> Input for this task
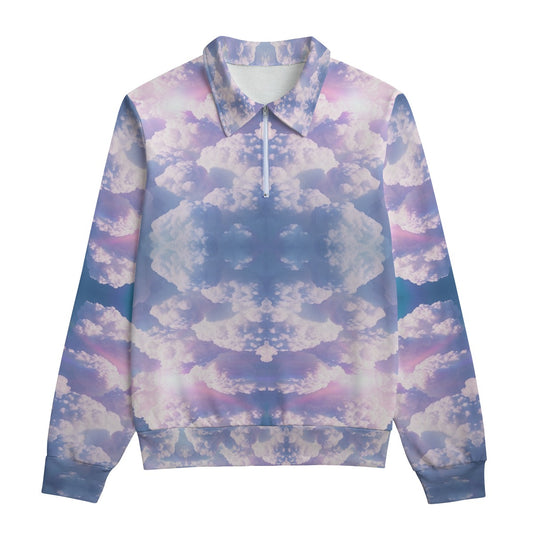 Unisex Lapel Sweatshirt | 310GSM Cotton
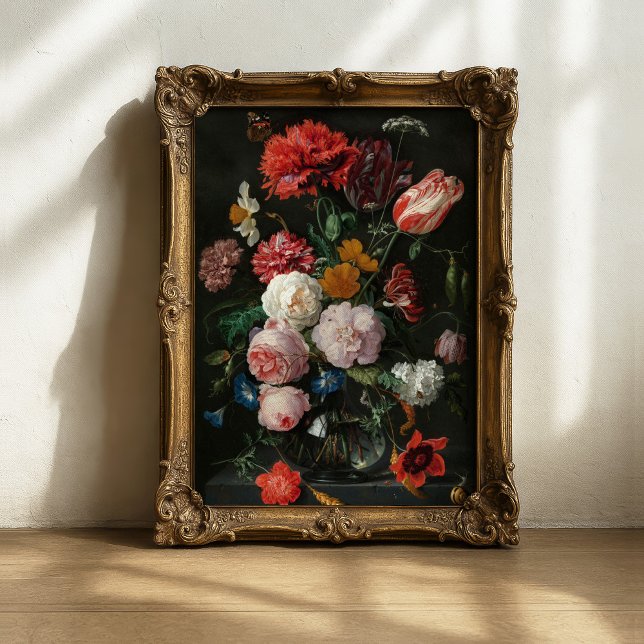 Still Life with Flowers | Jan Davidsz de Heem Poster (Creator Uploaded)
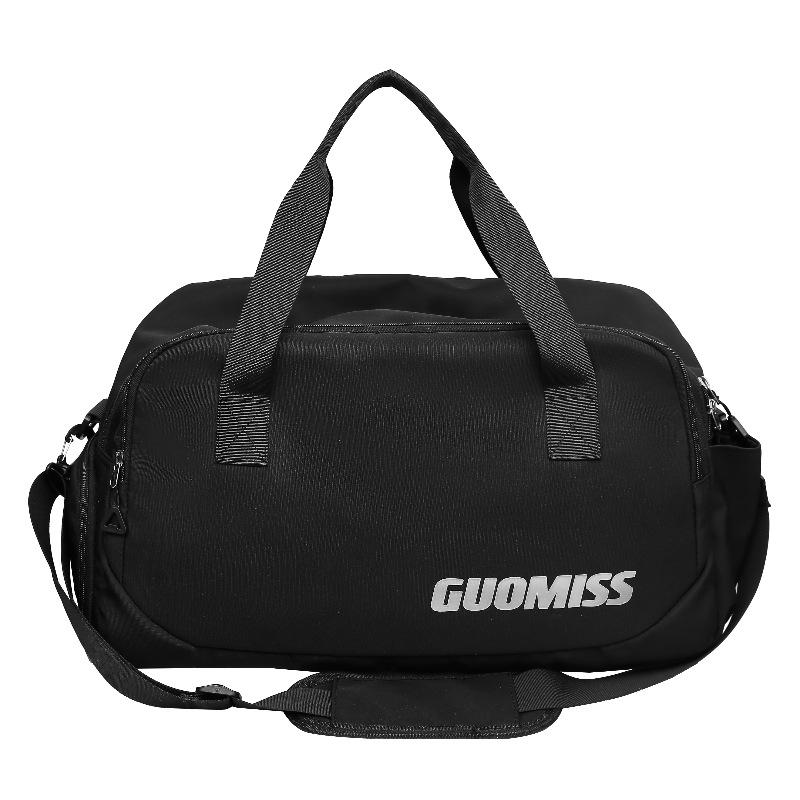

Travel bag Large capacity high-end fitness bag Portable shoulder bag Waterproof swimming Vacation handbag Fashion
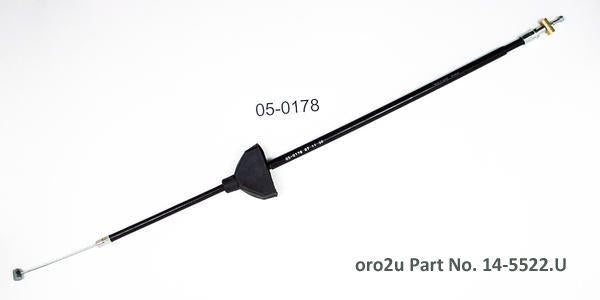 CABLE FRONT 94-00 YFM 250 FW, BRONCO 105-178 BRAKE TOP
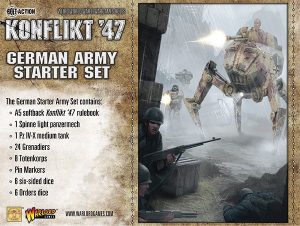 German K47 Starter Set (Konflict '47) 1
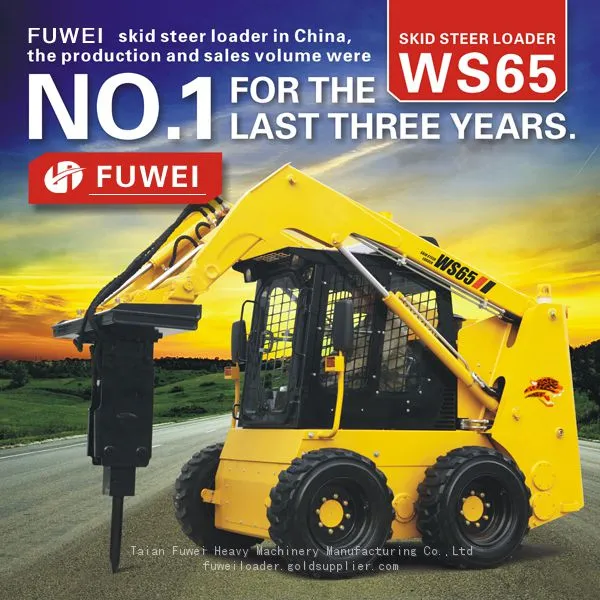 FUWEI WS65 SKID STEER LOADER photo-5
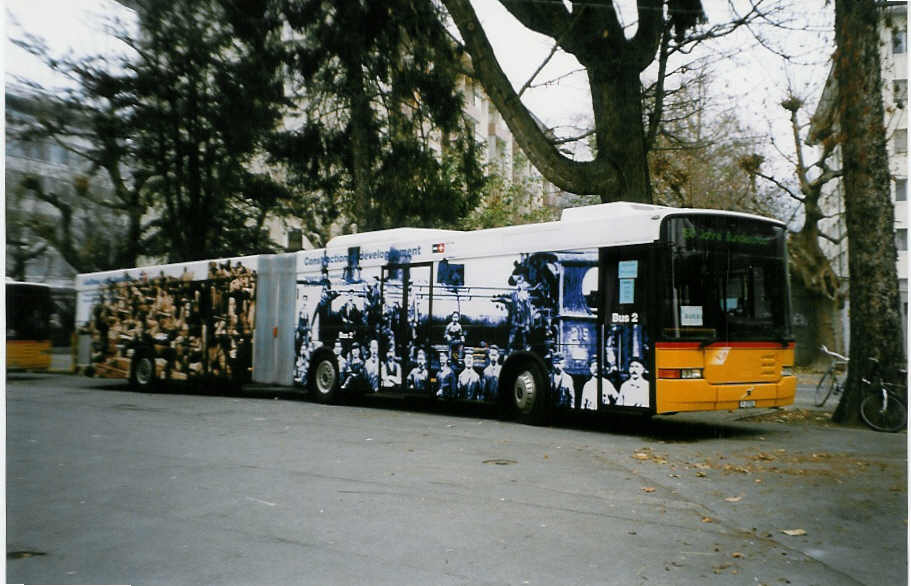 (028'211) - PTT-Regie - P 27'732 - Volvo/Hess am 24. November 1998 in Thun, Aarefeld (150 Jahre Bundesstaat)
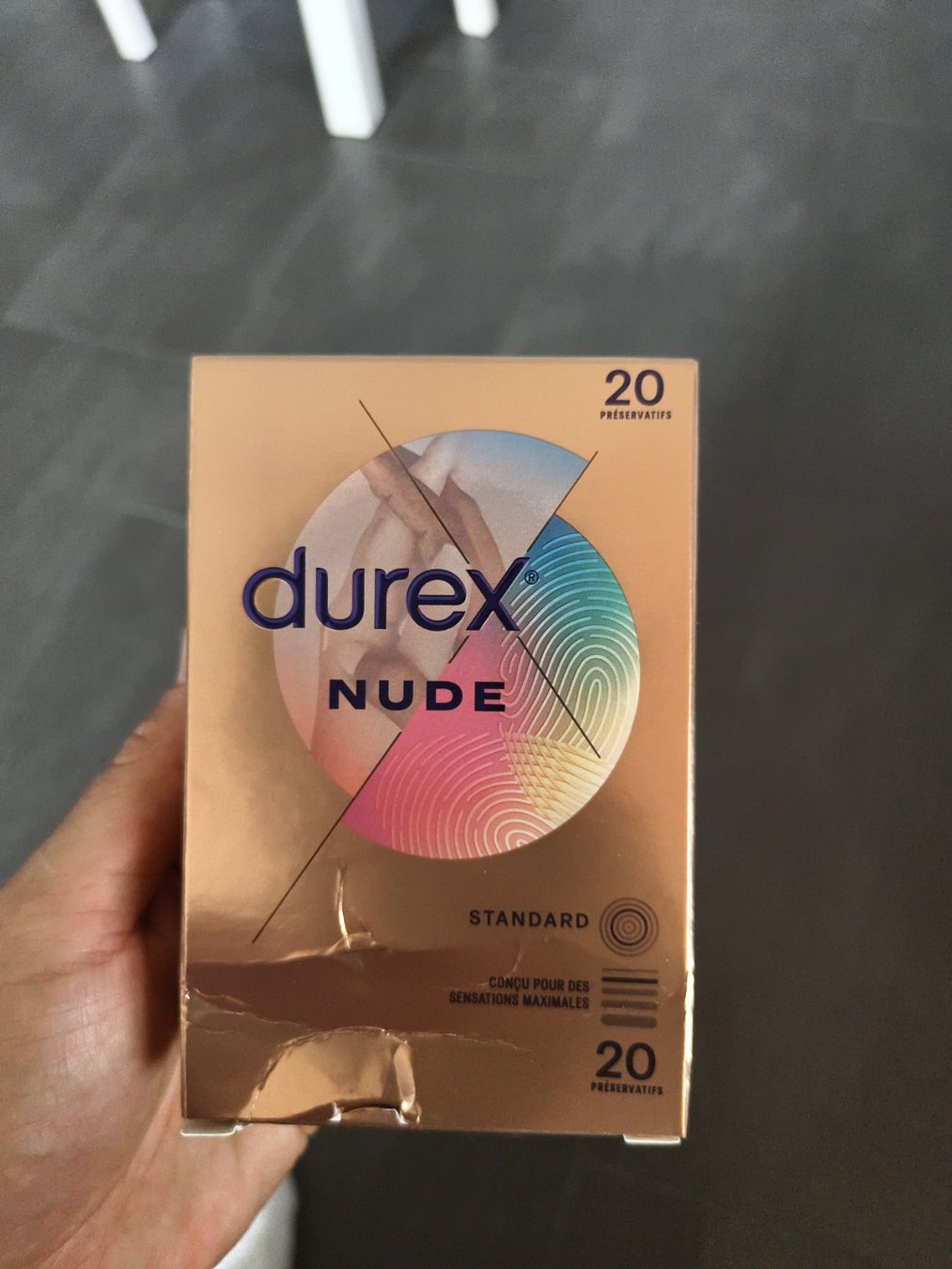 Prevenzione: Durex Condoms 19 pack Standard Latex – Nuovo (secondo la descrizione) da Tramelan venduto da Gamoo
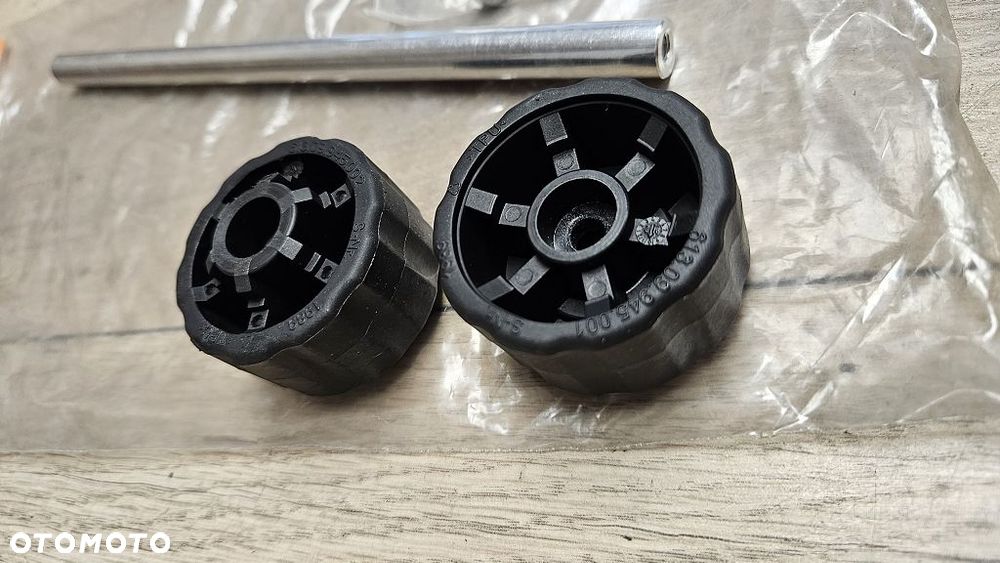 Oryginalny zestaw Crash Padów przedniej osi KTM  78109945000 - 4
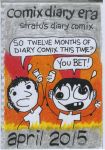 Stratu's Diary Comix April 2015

> Task item
Only the pictures are dropped. Otherwise, write out the listing exactly.

> Solution for this problem
 Unisex Lapel Sweatshirt | 310GSM Cotton
 Still Life with Flowers | Jan Davidsz de Heem Poster (Creator Uploaded)

Travel bag Large capacity high-end fitness bag Portable shoulder bag Waterproof swimming Vacation handbag Fashion
 CABLE FRONT 94-00 YFM 250 FW, BRONCO 105-178 BRAKE TOP
 German K47 Starter Set (Konflict '47) 1
 FUWEI WS65 SKID STEER LOADER photo-5
 (028'211) - PTT-Regie - P 27'732 - Volvo/Hess am 24. November 1998 in Thun, Aarefeld (150 Jahre Bundesstaat)
 Prevenzione: Durex Condoms 19 pack Standard Latex – Nuovo (secondo la descrizione) da Tramelan venduto da Gamoo
 Oryginalny zestaw Crash Padów przedniej osi KTM  78109945000 - 4
 Stratu's Diary Comix April 2015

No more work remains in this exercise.